**YOUR GOAL**
Write the data out again, exactly as given.

**DATA RECORDS**
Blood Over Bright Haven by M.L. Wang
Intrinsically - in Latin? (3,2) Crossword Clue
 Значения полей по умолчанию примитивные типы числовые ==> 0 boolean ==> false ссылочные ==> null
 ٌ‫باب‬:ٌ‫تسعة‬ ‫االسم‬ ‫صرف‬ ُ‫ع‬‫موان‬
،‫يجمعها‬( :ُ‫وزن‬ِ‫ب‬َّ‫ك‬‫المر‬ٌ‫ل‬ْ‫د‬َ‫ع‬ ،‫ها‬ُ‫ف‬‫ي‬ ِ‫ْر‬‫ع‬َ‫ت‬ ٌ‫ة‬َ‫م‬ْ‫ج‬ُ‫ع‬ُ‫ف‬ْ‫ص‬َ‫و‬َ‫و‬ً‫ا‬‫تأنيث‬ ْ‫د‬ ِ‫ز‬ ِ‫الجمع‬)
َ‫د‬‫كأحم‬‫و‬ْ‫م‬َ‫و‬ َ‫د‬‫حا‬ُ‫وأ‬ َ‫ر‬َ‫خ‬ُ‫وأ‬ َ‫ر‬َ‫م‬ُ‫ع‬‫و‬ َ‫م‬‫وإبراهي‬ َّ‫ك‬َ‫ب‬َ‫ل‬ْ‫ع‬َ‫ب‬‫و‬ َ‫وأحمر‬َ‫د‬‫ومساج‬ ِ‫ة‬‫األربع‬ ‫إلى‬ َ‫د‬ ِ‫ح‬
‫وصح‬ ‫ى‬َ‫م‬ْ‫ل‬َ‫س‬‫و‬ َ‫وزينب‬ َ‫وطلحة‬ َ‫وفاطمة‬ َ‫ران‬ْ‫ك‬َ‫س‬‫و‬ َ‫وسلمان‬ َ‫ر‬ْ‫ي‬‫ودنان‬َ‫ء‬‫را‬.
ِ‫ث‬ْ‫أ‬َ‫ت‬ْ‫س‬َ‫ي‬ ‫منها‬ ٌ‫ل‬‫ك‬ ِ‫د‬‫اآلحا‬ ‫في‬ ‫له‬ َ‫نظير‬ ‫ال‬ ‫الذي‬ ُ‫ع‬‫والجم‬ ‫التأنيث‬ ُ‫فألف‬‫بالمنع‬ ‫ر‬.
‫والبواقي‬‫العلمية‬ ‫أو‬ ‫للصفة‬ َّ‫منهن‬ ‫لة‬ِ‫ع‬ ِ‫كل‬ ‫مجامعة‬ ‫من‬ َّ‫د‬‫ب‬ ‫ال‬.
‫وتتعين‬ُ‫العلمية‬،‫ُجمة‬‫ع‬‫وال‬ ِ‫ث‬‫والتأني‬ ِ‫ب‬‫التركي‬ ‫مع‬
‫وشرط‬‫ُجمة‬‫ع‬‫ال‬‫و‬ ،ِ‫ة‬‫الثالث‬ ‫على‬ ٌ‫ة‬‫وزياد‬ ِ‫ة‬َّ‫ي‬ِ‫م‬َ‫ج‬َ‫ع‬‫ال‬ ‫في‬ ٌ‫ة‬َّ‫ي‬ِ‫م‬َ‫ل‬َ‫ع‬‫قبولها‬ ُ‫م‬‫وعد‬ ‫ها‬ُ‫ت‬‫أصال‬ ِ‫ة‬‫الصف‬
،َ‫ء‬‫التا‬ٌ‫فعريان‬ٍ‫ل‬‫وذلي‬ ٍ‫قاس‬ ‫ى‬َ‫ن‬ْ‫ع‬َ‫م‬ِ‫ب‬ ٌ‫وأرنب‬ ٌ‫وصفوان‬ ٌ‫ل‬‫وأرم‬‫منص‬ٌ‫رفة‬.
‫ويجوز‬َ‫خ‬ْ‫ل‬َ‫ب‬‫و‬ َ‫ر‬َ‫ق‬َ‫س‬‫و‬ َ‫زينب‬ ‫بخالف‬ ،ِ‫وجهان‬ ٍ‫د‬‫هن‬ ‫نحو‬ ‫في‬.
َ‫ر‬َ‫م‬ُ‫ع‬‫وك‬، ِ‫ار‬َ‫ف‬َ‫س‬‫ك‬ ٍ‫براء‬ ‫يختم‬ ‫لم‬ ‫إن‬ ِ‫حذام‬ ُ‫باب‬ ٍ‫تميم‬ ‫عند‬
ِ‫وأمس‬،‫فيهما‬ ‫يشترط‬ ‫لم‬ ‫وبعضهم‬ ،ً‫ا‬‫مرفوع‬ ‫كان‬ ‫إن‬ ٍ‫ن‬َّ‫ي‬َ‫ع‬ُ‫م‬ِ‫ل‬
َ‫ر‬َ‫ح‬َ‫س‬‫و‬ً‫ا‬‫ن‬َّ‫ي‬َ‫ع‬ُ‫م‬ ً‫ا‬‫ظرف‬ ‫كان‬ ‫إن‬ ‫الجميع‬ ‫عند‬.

**ANSWER TO THE PROBLEM**
Blood Over Bright Haven by M.L. Wang
Intrinsically - in Latin? (3,2) Crossword Clue
 Значения полей по умолчанию примитивные типы числовые ==> 0 boolean ==> false ссылочные ==> null
 ٌ‫باب‬:ٌ‫تسعة‬ ‫االسم‬ ‫صرف‬ ُ‫ع‬‫موان‬
،‫يجمعها‬( :ُ‫وزن‬ِ‫ب‬َّ‫ك‬‫المر‬ٌ‫ل‬ْ‫د‬َ‫ع‬ ،‫ها‬ُ‫ف‬‫ي‬ ِ‫ْر‬‫ع‬َ‫ت‬ ٌ‫ة‬َ‫م‬ْ‫ج‬ُ‫ع‬ُ‫ف‬ْ‫ص‬َ‫و‬َ‫و‬ً‫ا‬‫تأنيث‬ ْ‫د‬ ِ‫ز‬ ِ‫الجمع‬)
َ‫د‬‫كأحم‬‫و‬ْ‫م‬َ‫و‬ َ‫د‬‫حا‬ُ‫وأ‬ َ‫ر‬َ‫خ‬ُ‫وأ‬ َ‫ر‬َ‫م‬ُ‫ع‬‫و‬ َ‫م‬‫وإبراهي‬ َّ‫ك‬َ‫ب‬َ‫ل‬ْ‫ع‬َ‫ب‬‫و‬ َ‫وأحمر‬َ‫د‬‫ومساج‬ ِ‫ة‬‫األربع‬ ‫إلى‬ َ‫د‬ ِ‫ح‬
‫وصح‬ ‫ى‬َ‫م‬ْ‫ل‬َ‫س‬‫و‬ َ‫وزينب‬ َ‫وطلحة‬ َ‫وفاطمة‬ َ‫ران‬ْ‫ك‬َ‫س‬‫و‬ َ‫وسلمان‬ َ‫ر‬ْ‫ي‬‫ودنان‬َ‫ء‬‫را‬.
ِ‫ث‬ْ‫أ‬َ‫ت‬ْ‫س‬َ‫ي‬ ‫منها‬ ٌ‫ل‬‫ك‬ ِ‫د‬‫اآلحا‬ ‫في‬ ‫له‬ َ‫نظير‬ ‫ال‬ ‫الذي‬ ُ‫ع‬‫والجم‬ ‫التأنيث‬ ُ‫فألف‬‫بالمنع‬ ‫ر‬.
‫والبواقي‬‫العلمية‬ ‫أو‬ ‫للصفة‬ َّ‫منهن‬ ‫لة‬ِ‫ع‬ ِ‫كل‬ ‫مجامعة‬ ‫من‬ َّ‫د‬‫ب‬ ‫ال‬.
‫وتتعين‬ُ‫العلمية‬،‫ُجمة‬‫ع‬‫وال‬ ِ‫ث‬‫والتأني‬ ِ‫ب‬‫التركي‬ ‫مع‬
‫وشرط‬‫ُجمة‬‫ع‬‫ال‬‫و‬ ،ِ‫ة‬‫الثالث‬ ‫على‬ ٌ‫ة‬‫وزياد‬ ِ‫ة‬َّ‫ي‬ِ‫م‬َ‫ج‬َ‫ع‬‫ال‬ ‫في‬ ٌ‫ة‬َّ‫ي‬ِ‫م‬َ‫ل‬َ‫ع‬‫قبولها‬ ُ‫م‬‫وعد‬ ‫ها‬ُ‫ت‬‫أصال‬ ِ‫ة‬‫الصف‬
،َ‫ء‬‫التا‬ٌ‫فعريان‬ٍ‫ل‬‫وذلي‬ ٍ‫قاس‬ ‫ى‬َ‫ن‬ْ‫ع‬َ‫م‬ِ‫ب‬ ٌ‫وأرنب‬ ٌ‫وصفوان‬ ٌ‫ل‬‫وأرم‬‫منص‬ٌ‫رفة‬.
‫ويجوز‬َ‫خ‬ْ‫ل‬َ‫ب‬‫و‬ َ‫ر‬َ‫ق‬َ‫س‬‫و‬ َ‫زينب‬ ‫بخالف‬ ،ِ‫وجهان‬ ٍ‫د‬‫هن‬ ‫نحو‬ ‫في‬.
َ‫ر‬َ‫م‬ُ‫ع‬‫وك‬، ِ‫ار‬َ‫ف‬َ‫س‬‫ك‬ ٍ‫براء‬ ‫يختم‬ ‫لم‬ ‫إن‬ ِ‫حذام‬ ُ‫باب‬ ٍ‫تميم‬ ‫عند‬
ِ‫وأمس‬،‫فيهما‬ ‫يشترط‬ ‫لم‬ ‫وبعضهم‬ ،ً‫ا‬‫مرفوع‬ ‫كان‬ ‫إن‬ ٍ‫ن‬َّ‫ي‬َ‫ع‬ُ‫م‬ِ‫ل‬
َ‫ر‬َ‫ح‬َ‫س‬‫و‬ً‫ا‬‫ن‬َّ‫ي‬َ‫ع‬ُ‫م‬ ً‫ا‬‫ظرف‬ ‫كان‬ ‫إن‬ ‫الجميع‬ ‫عند‬.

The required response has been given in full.